A Study on Accuracy, Miscalibration, and Popularity Bias in Recommendations
This work addresses inconsistency in recommendation systems for users and developers, but it is incremental as it builds on existing metrics without introducing new methods.
The study analyzed how miscalibration and popularity bias relate to recommendation accuracy across user groups with varying preferences for popular content, finding that users with little interest in popular content receive the worst accuracy, and identified that specific genres contribute to performance inconsistencies.

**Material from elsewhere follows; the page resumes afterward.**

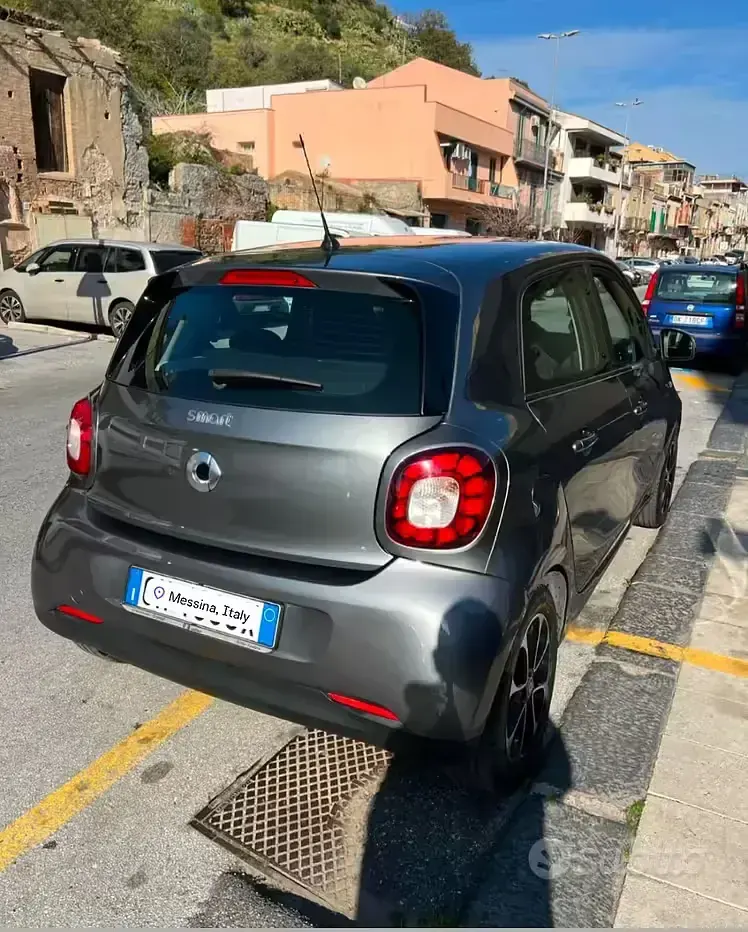 Usata Smart ForFour 90 CV (66 kW) 2017 Grigio Utilitaria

Recent research has suggested different metrics to measure the inconsistency of recommendation performance, including the accuracy difference between user groups, miscalibration, and popularity lift. However, a study that relates miscalibration and popularity lift to recommendation accuracy across different user groups is still missing. Additionally, it is unclear if particular genres contribute to the emergence of inconsistency in recommendation performance across user groups. In this paper, we present an analysis of these three aspects of five well-known recommendation algorithms for user groups that differ in their preference for popular content. Additionally, we study how different genres affect the inconsistency of recommendation performance, and how this is aligned with the popularity of the genres. Using data from LastFm, MovieLens, and MyAnimeList, we present two key findings. First, we find that users with little interest in popular content receive the worst recommendation accuracy, and that this is aligned with miscalibration and popularity lift. Second, our experiments show that particular genres contribute to a different extent to the inconsistency of recommendation performance, especially in terms of miscalibration in the case of the MyAnimeList dataset.